The place the lifetime 'b
in Ref<'b, T>
comes from originally is RefCell::borrow()
β it is the lifetime of a reference to the RefCell
. It ensures that the Ref
cannot outlive the RefCell
. However, it can be arbitrarily long β even 'static
β if the caller provides a suitable &'b RefCell<T>
.
But the premise of a RefCell
is that you can borrow the contents only as long as you have the run-time Ref
or RefMut
guard alive. That's how it prevents conflicts. And so any reference to the T
you get must be a borrow of the Ref
, not of the RefCell
.
If Ref::map()
had the signature proposed by @wishawa, then you could use it to break RefCell
by extracting a long-lived &T
:
use std::cell::{RefCell, Ref};
fn cheat<'rc, T>(cell: &'rc RefCell<T>) -> &'rc T {
let guard = cell.borrow();
let mut output = None;
Ref::map(guard, |ref_to_contents| {
output = Some(ref_to_contents);
&()
});
output.unwrap()
}
fn main() {
let cell = RefCell::new(0);
let r1: &i32 = cheat(&cell);
let r2: &mut i32 = &mut *cell.borrow_mut();
// oops, UB: r1 and r2 refer to the same memory but r2 is exclusive
}
There is, however a valid non-HRTB signature you could write:
pub fn map<'r, U: ?Sized, F>(orig: &'r Ref<'b, T>, f: F) -> Ref<'r, U>
where
F: FnOnce(&'r T) -> &'r U
{...}
Here, the f
function is given a reference that is only valid as long as the Ref
exists.
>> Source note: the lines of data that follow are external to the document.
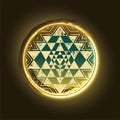 Sri Yantra golden vector symbol Royalty Free Stock Photo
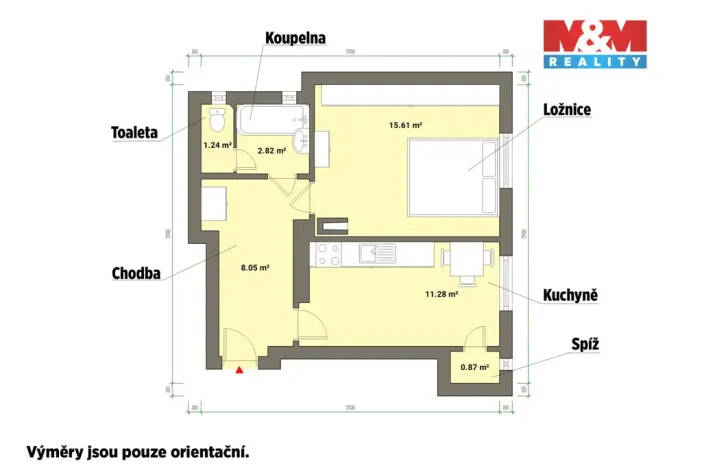 Prodej bytu 1+1, Cheb, Hviezdoslavovo náměstí, 38 m2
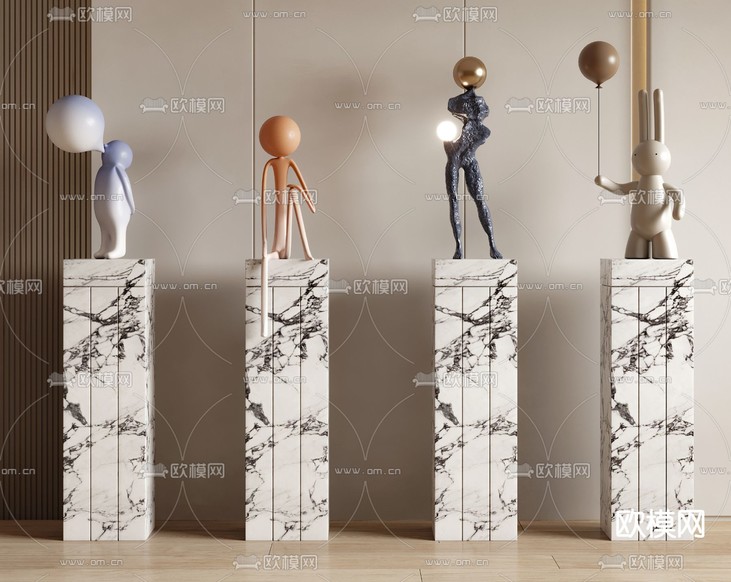 人物雕塑 抽象摆件3d模型下载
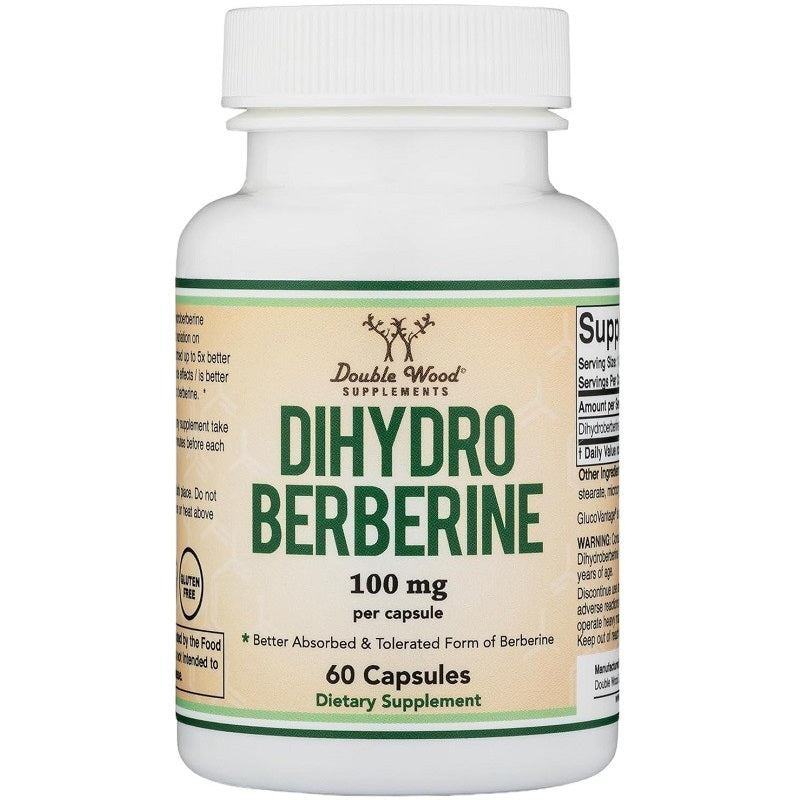 Double Wood Dihydro Berberine supplement bottle, 100 mg per capsule, 60 capsules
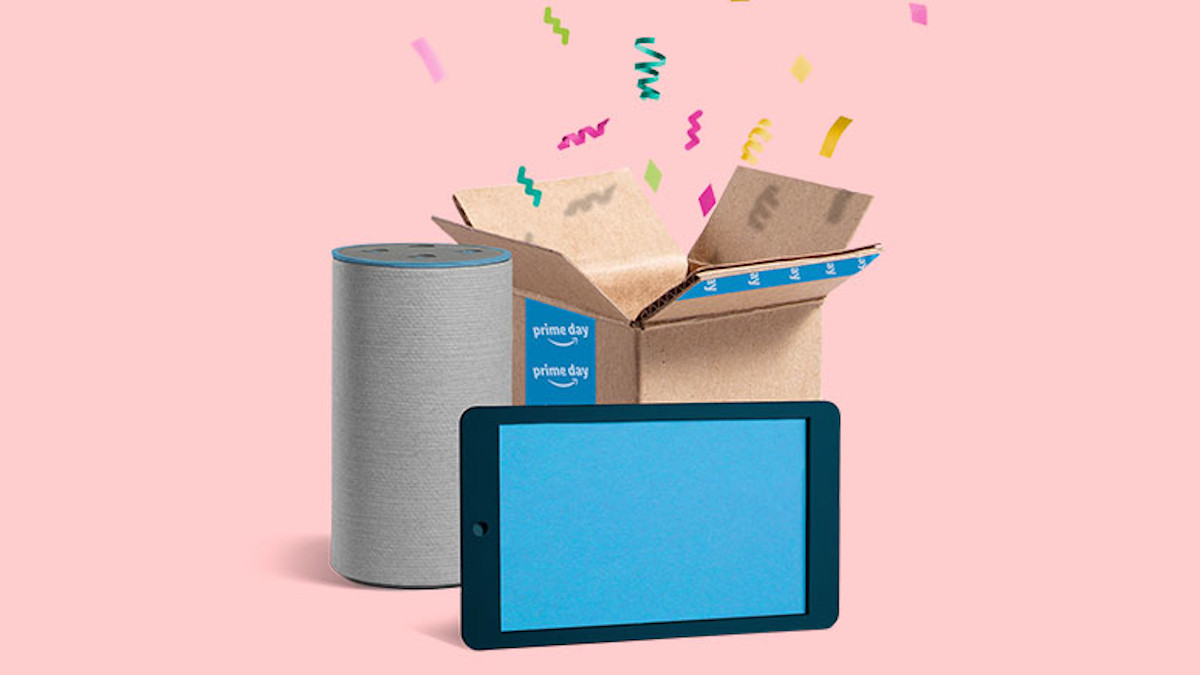Amazon Prime Day on pastel pink background.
But, in order to achieve that, it has to take a borrowed Ref
, and that is less useful than the real Ref::map()
β if you can keep the original Ref
around to borrow it, then you can also just apply the function to the reference the guard dereferences to:
let guard = cell.borrow();
let u: &U = f(&*guard);